▶ **Problem statement**: The required output is the exact run of lines from the one that contains "23072010 Pamela Alba y María Luisa Luna." to the end of the data, with every picture left out.

[Dataset items]
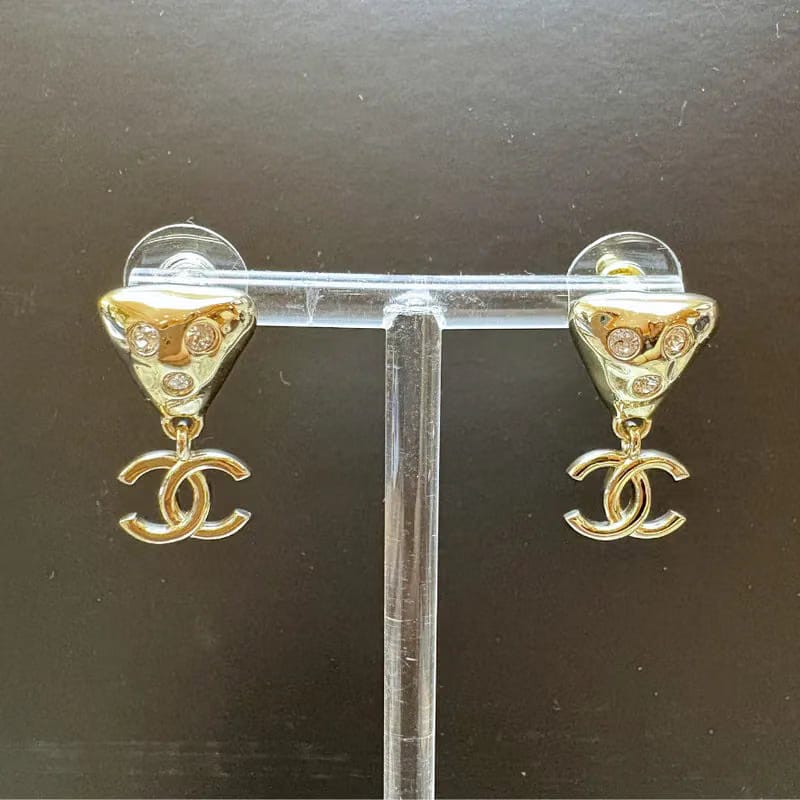 RE271 - CHANEL Pale Goid Triangle Crystal Drop CC Earrings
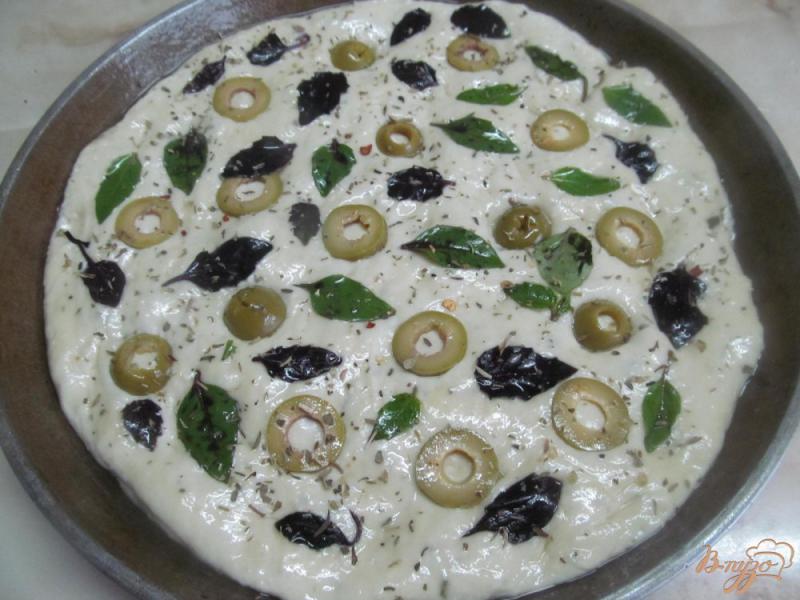Фото приготовление рецепта: Фокачча с сыром и оливками шаг №5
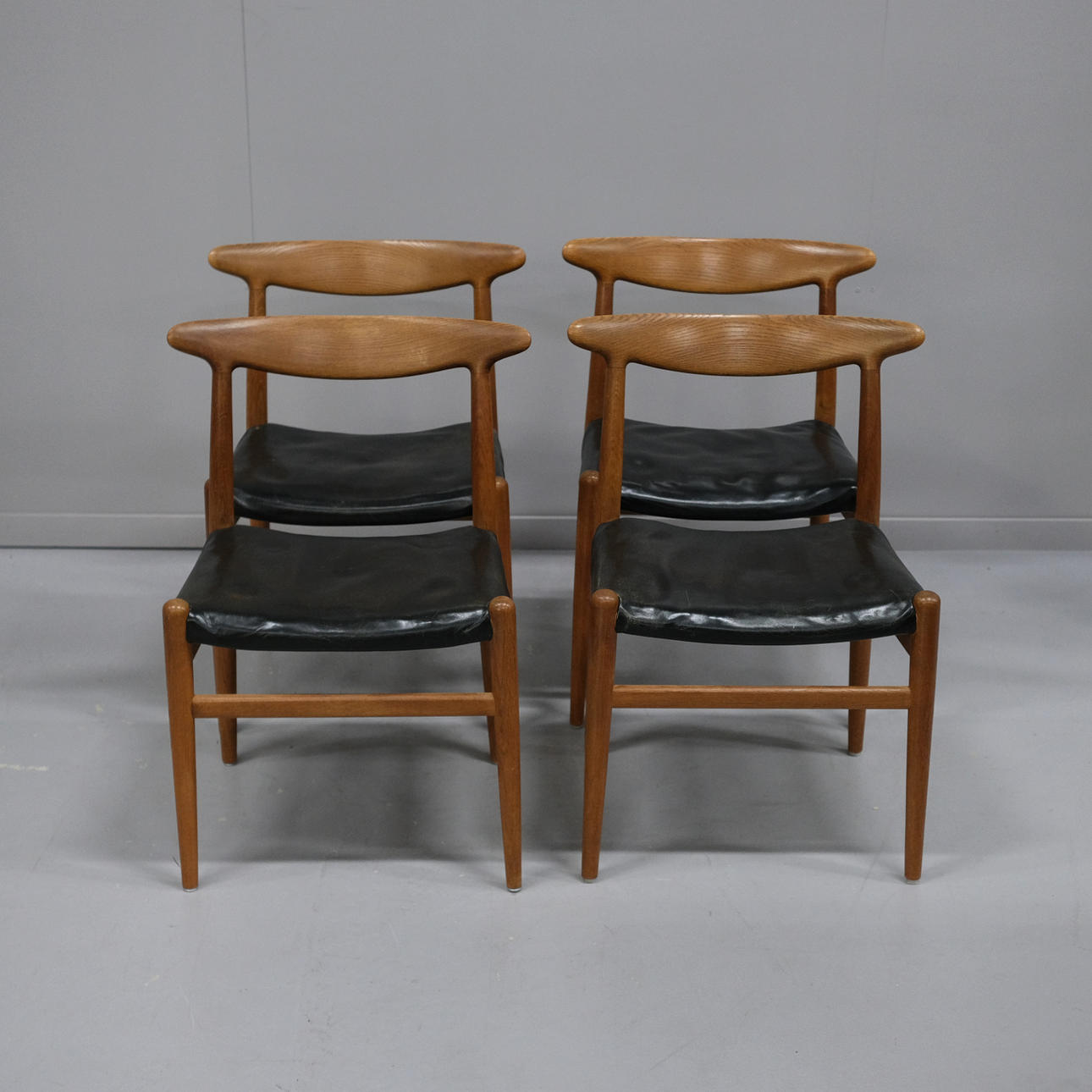 HANS J WEGNER. STOLE, „W1", FIRE STYKKER, C. M. MADSEN.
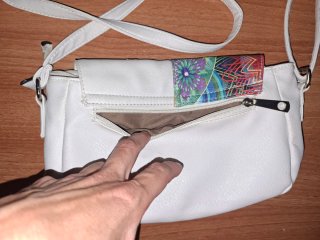 Bolso bandolera blanco y multicolor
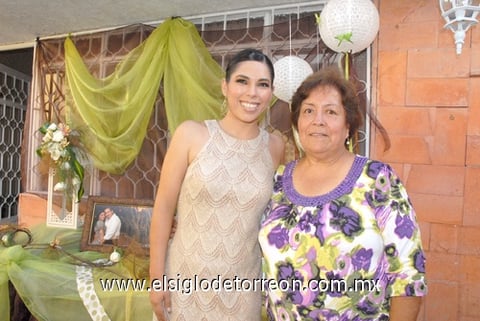23072010 Pamela Alba y María Luisa Luna.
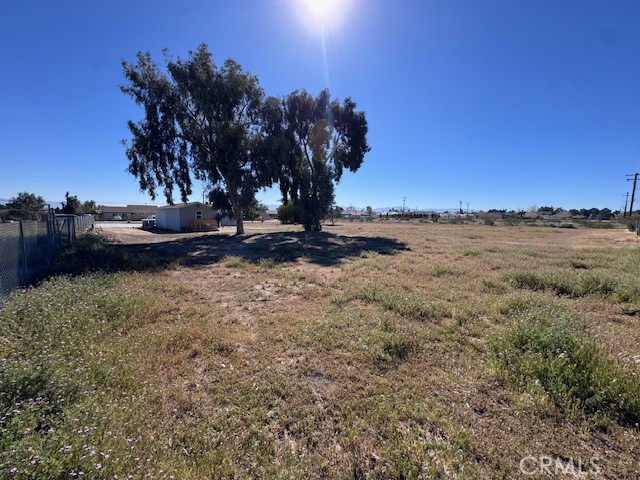 Detail Gallery Image 25 of 26 For 11918 Hemlock, Hesperia,  CA 92345 - 2 Beds | 1 Baths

▶ **Task output**:
23072010 Pamela Alba y María Luisa Luna.
 Detail Gallery Image 25 of 26 For 11918 Hemlock, Hesperia,  CA 92345 - 2 Beds | 1 Baths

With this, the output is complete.